▶ **What you have to do**
Within the entries below, the lines from the one with "2006 Ford Mustang" through the one with "Building Photo - 3" are to be set down exactly, both ends kept.

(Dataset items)
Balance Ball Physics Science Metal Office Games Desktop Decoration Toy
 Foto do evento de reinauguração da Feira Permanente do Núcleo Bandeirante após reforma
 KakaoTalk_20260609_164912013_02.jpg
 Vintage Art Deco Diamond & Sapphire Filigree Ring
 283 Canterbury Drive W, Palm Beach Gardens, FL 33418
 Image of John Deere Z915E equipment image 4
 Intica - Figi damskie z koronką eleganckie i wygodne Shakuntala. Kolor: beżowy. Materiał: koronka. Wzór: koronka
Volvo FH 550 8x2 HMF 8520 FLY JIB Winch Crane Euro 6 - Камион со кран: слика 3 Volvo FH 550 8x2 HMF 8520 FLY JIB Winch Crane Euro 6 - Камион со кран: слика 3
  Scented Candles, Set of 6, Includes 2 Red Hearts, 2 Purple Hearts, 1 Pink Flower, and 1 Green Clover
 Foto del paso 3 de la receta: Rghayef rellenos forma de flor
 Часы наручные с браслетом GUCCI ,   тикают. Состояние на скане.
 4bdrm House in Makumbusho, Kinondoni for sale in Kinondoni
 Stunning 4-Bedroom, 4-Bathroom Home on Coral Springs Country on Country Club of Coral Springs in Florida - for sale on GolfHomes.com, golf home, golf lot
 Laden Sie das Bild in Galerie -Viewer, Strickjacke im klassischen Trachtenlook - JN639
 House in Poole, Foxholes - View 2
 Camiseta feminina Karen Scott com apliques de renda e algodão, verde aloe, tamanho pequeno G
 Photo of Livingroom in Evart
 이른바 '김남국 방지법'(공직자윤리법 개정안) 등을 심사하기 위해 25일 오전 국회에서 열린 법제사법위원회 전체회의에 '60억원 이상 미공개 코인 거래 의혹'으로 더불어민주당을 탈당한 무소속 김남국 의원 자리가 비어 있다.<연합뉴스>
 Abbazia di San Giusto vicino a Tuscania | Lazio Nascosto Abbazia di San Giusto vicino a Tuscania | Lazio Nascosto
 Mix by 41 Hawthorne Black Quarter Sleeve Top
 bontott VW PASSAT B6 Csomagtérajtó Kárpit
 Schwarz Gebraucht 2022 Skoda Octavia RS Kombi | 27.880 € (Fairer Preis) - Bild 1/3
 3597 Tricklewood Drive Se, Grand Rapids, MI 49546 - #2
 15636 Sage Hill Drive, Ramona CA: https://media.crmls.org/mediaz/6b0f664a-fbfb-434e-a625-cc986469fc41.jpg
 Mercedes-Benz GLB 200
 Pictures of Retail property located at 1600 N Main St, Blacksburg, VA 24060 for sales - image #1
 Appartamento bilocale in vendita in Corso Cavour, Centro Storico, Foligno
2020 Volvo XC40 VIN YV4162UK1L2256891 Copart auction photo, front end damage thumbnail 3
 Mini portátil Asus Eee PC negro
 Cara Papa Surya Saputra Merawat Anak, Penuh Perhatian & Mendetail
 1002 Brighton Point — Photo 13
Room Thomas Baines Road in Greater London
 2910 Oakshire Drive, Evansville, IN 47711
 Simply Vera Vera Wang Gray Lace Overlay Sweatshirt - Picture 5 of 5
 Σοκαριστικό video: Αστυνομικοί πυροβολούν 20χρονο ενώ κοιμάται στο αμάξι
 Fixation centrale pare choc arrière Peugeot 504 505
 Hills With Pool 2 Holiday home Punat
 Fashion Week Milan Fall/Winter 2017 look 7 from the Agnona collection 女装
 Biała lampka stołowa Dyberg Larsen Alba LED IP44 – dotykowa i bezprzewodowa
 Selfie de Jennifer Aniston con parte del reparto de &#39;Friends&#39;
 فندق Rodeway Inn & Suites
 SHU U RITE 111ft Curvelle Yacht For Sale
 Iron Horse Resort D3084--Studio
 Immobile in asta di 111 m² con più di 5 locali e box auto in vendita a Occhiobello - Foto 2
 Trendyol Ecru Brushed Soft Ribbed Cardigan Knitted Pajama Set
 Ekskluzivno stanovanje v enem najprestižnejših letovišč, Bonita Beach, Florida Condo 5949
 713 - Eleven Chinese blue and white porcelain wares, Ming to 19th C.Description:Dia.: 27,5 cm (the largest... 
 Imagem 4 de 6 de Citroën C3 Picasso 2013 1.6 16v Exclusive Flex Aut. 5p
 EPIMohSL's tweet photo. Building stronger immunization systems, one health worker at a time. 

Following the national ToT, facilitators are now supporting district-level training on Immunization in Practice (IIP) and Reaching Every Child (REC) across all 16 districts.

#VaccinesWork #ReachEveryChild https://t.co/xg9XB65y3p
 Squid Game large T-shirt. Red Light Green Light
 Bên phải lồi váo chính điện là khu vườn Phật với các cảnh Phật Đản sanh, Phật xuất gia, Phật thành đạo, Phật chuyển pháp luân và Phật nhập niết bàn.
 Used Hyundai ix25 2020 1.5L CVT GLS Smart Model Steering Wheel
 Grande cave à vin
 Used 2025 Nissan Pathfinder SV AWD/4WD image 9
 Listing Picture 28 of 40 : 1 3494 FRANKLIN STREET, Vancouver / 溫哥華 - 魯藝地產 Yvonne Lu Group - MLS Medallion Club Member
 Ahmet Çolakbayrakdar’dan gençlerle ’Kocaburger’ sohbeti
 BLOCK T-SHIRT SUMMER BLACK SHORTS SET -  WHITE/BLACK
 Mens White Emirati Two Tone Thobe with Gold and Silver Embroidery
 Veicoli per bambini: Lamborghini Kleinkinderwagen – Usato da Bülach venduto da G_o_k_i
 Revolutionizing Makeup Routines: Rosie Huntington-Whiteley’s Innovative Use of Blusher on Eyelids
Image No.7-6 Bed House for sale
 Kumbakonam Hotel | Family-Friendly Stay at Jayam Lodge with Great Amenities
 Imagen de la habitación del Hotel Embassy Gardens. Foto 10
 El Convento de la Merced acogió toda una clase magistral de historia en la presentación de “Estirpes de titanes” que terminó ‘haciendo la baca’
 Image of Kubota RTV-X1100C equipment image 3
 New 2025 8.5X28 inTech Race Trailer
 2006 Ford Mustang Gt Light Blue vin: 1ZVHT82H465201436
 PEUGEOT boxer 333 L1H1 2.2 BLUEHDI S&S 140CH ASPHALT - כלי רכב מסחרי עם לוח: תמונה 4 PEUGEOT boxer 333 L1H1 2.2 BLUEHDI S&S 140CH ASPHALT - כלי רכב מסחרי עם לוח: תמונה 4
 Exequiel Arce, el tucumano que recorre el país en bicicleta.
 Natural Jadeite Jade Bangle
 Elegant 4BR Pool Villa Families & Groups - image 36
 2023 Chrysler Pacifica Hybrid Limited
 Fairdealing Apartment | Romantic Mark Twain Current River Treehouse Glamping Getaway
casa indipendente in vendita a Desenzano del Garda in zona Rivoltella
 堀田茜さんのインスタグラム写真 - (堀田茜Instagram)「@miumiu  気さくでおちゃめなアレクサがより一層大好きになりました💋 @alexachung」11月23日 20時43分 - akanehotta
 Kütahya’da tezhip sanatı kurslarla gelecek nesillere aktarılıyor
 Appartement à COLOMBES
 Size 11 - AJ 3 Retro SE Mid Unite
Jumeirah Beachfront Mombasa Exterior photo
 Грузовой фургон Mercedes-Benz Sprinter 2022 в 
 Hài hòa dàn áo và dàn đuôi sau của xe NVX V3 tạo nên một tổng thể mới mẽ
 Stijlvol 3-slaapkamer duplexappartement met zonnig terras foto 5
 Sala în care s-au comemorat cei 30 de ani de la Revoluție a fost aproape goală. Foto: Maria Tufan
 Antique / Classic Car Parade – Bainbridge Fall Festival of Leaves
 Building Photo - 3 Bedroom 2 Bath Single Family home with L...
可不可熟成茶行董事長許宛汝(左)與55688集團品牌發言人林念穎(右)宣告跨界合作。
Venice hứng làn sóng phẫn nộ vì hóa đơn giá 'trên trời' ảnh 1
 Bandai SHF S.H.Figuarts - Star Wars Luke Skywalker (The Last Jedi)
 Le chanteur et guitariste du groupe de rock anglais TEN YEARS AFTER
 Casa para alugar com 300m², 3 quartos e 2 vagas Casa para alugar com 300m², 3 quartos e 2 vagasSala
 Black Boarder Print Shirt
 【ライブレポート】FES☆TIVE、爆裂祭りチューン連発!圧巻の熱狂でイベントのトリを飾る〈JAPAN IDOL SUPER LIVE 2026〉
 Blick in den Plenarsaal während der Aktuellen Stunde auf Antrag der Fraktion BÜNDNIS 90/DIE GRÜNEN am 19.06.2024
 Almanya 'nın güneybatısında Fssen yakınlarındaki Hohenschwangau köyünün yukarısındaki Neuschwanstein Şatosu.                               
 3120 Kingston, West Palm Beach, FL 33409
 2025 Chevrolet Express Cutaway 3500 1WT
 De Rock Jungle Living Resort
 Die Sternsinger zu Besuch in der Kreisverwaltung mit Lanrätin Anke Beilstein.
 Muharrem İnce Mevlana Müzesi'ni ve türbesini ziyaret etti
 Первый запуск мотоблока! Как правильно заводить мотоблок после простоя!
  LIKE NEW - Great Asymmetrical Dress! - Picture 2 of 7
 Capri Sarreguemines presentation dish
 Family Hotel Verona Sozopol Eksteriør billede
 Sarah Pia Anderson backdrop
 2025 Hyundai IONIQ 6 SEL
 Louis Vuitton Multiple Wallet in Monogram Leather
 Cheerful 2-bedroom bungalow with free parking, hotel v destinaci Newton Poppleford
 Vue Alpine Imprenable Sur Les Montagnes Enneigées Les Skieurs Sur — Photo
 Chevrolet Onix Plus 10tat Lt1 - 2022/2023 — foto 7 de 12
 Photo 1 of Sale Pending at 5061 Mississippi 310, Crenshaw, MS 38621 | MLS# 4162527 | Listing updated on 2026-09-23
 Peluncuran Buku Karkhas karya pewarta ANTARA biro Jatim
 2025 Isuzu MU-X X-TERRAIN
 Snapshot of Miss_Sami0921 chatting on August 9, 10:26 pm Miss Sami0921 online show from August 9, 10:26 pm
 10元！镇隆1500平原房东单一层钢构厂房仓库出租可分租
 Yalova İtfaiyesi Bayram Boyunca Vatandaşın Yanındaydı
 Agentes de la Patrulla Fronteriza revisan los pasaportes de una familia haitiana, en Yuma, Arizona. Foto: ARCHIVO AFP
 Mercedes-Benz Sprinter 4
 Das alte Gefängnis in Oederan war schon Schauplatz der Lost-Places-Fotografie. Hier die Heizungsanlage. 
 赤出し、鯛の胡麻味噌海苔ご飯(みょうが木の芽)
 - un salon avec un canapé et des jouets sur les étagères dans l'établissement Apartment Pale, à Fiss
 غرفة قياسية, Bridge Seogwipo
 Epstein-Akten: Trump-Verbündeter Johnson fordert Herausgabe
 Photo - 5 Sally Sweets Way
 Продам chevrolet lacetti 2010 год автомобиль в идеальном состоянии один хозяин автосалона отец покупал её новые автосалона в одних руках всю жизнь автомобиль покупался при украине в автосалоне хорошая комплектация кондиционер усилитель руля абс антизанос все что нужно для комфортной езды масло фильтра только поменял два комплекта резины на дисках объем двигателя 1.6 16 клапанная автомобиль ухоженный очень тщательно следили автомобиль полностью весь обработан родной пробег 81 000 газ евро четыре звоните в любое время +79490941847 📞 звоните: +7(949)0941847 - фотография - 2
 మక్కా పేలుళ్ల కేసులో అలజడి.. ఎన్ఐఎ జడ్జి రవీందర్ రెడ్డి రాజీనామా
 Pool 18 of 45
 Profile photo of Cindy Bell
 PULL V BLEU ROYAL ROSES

▶ **Answer to this exercise**
 2006 Ford Mustang Gt Light Blue vin: 1ZVHT82H465201436
 PEUGEOT boxer 333 L1H1 2.2 BLUEHDI S&S 140CH ASPHALT - כלי רכב מסחרי עם לוח: תמונה 4 PEUGEOT boxer 333 L1H1 2.2 BLUEHDI S&S 140CH ASPHALT - כלי רכב מסחרי עם לוח: תמונה 4
 Exequiel Arce, el tucumano que recorre el país en bicicleta.
 Natural Jadeite Jade Bangle
 Elegant 4BR Pool Villa Families & Groups - image 36
 2023 Chrysler Pacifica Hybrid Limited
 Fairdealing Apartment | Romantic Mark Twain Current River Treehouse Glamping Getaway
casa indipendente in vendita a Desenzano del Garda in zona Rivoltella
 堀田茜さんのインスタグラム写真 - (堀田茜Instagram)「@miumiu  気さくでおちゃめなアレクサがより一層大好きになりました💋 @alexachung」11月23日 20時43分 - akanehotta
 Kütahya’da tezhip sanatı kurslarla gelecek nesillere aktarılıyor
 Appartement à COLOMBES
 Size 11 - AJ 3 Retro SE Mid Unite
Jumeirah Beachfront Mombasa Exterior photo
 Грузовой фургон Mercedes-Benz Sprinter 2022 в 
 Hài hòa dàn áo và dàn đuôi sau của xe NVX V3 tạo nên một tổng thể mới mẽ
 Stijlvol 3-slaapkamer duplexappartement met zonnig terras foto 5
 Sala în care s-au comemorat cei 30 de ani de la Revoluție a fost aproape goală. Foto: Maria Tufan
 Antique / Classic Car Parade – Bainbridge Fall Festival of Leaves
 Building Photo - 3 Bedroom 2 Bath Single Family home with L...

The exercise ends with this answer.